Poland Ambassador to Pakistan
- In office 2001–2003
- Preceded by: Lucjan Mieczkowski
- Succeeded by: Bogdan Marczewski

1st European Union Ambassador to South Korea
- In office 2011–2015
- Succeeded by: Gerhard Sabathil

2nd European Union Ambassador to India
- In office 2015–2019
- Preceded by: João Cravinho
- Succeeded by: Ugo Astuto

Personal details
- Born: 1958 (age 67–68)
- Children: 3
- Alma mater: Moscow State Institute of International Relations
- Profession: Diplomat

= Tomasz Kozłowski =

Polish diplomat

Tomasz Edward Kozłowski (born 1958) is a Polish diplomat, Poland ambassador to Pakistan (2001–2003), European Union ambassador to South Korea (2011–2015) and India (2015–2019).

== Life ==
Kozłowski had started his studies at the Warsaw School of Economics. He graduated from the Moscow State Institute of International Relations (1984), specializing in the relations among Asian states. He has been studying also at the Stanford University, California.

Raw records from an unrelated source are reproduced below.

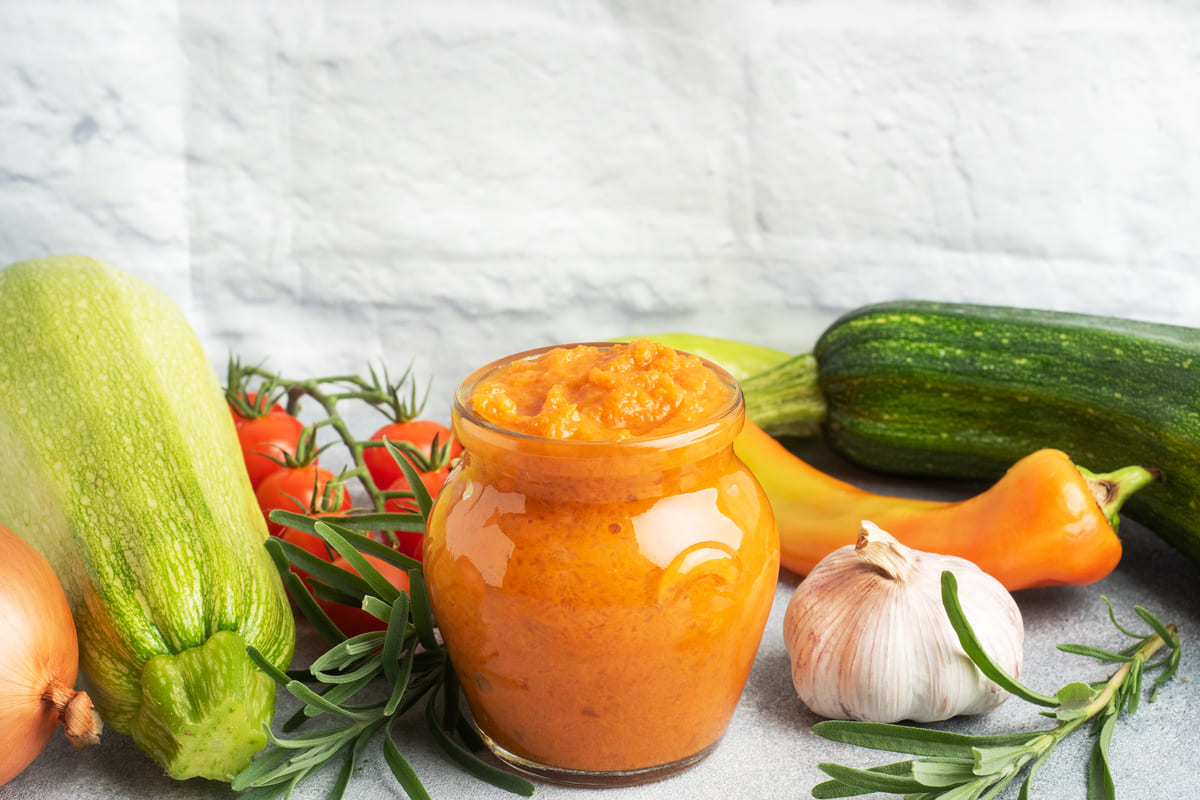 Баночка кабачковой икры и свежие овощи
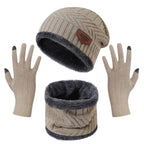 3Pcs Winter Knitted Hat Scarf Gloves Winter Warm Beanie And Touch Screen Gloves Scarf Set Knit Beanie Skull Cap Neck Warmer Mittens For Men Women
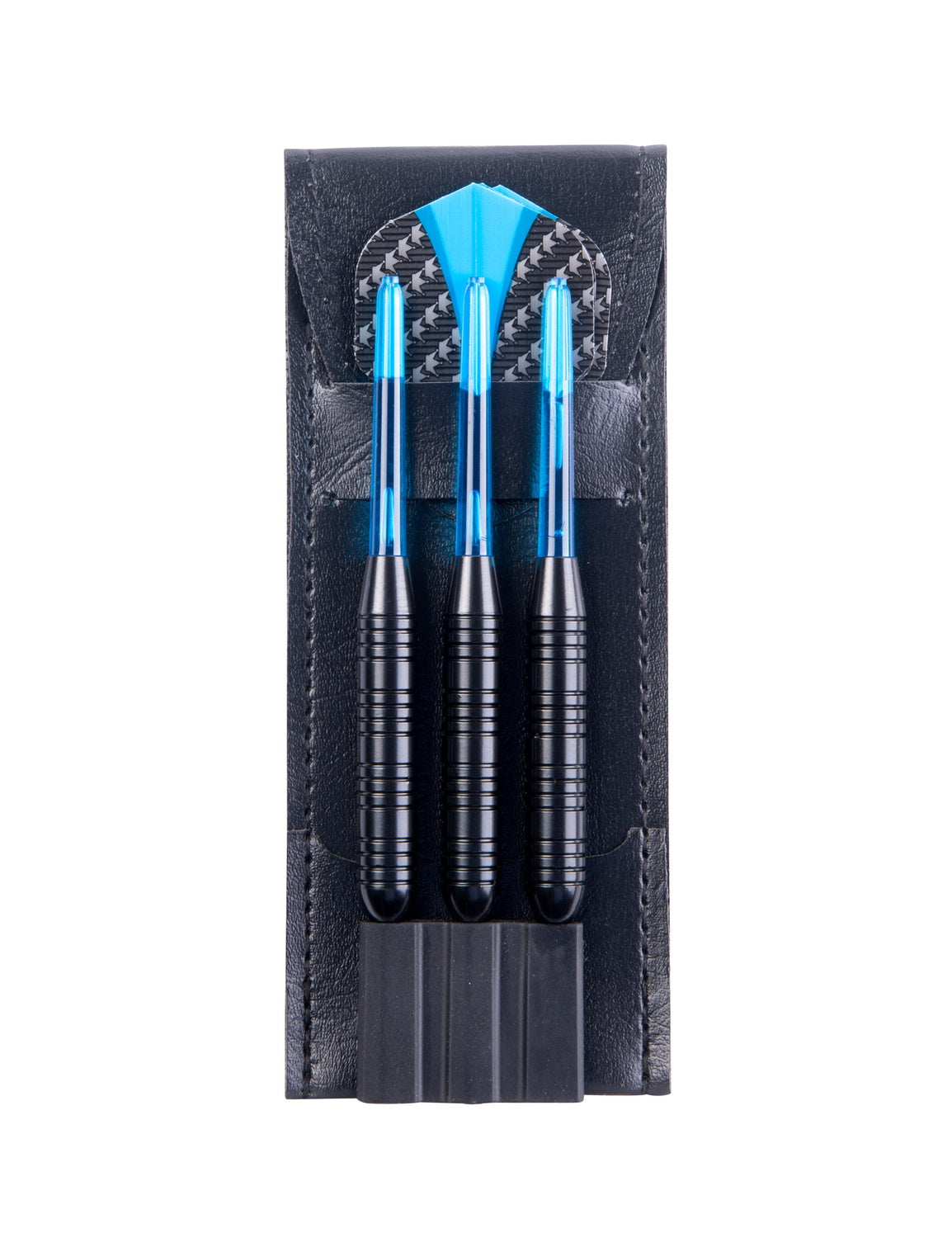 Steeltip Darts 23g, Black Barrel, Blue Shafts & Flights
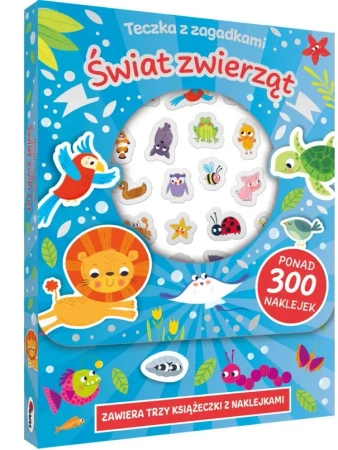 Świat zwierząt. Teczka z zagadkami ( 3 książeczki + wypukłe naklejki)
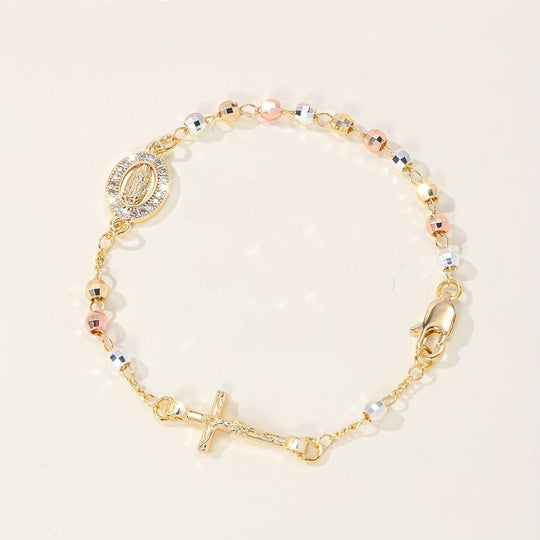 Filigranes Religiöses Armband mit Kreuz und Marienmedaille, Vergoldetes Edelstahl-Rosario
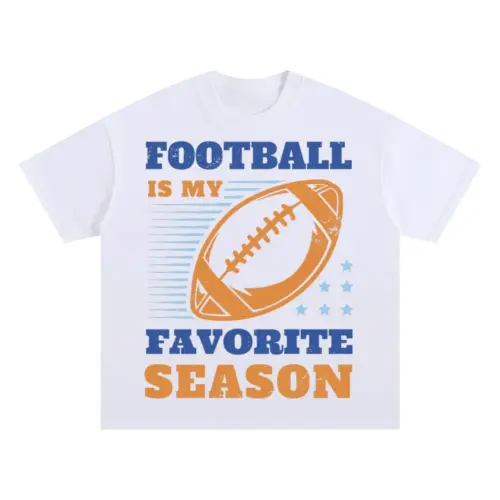American Football Favorite Season Oversized White Graphic Tee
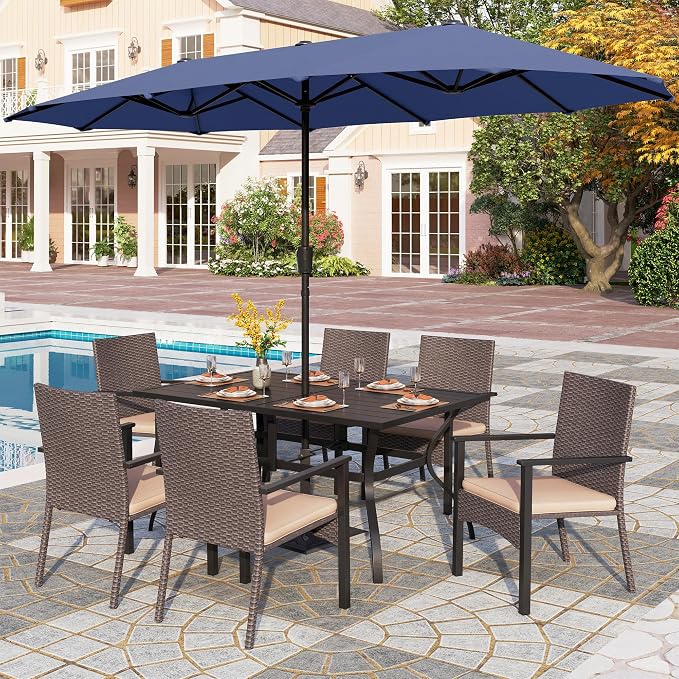 PHI VILLA 7pc Patio Dining Set with Blue Umbrella, 6 Rattan Chairs | 60" Metal dining table, 6 cushioned rattan wicker chairs, 13ft blue umbrella. Perfect for patio, deck, yard, or porch.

In 1984, Kozłowski started his career at the Ministry of Foreign Affairs of Poland. He has been working as the Third and Second Secretary at the Embassy in Jakarta, Indonesia (1987–1991). He was serving as chargé d'affaires in Malaysia (1994–1996). He was member of the United Nations international observation mission in Cambodia (1993) and South Africa (1994). Between 2001 and 2003 he was ambassador to Pakistan, accredited to Afghanistan as well. Next, he was director of the MFA Asia-Pacific Department. In 2004, he joined the European External Action Service (EEAS), working as a head of unit at the bureau of the High Representative of the Union for Foreign Affairs and Security Policy Javier Solana. He was also advisor at the Directorate-General for External Relations. From 2011 to 2015 he was first European Union ambassador to South Korea. Next, from 2015 to 2019 he was EU ambassador to India, accredited also to Bhutan. Next, he served as a head of the EEAS Inspection Service.

In 2010 Kozłowski was honoured with the Knight's Cross of the Order of Polonia Restituta.

Besides Polish, he speaks English, Russian and Indonesian. He is married, with three children.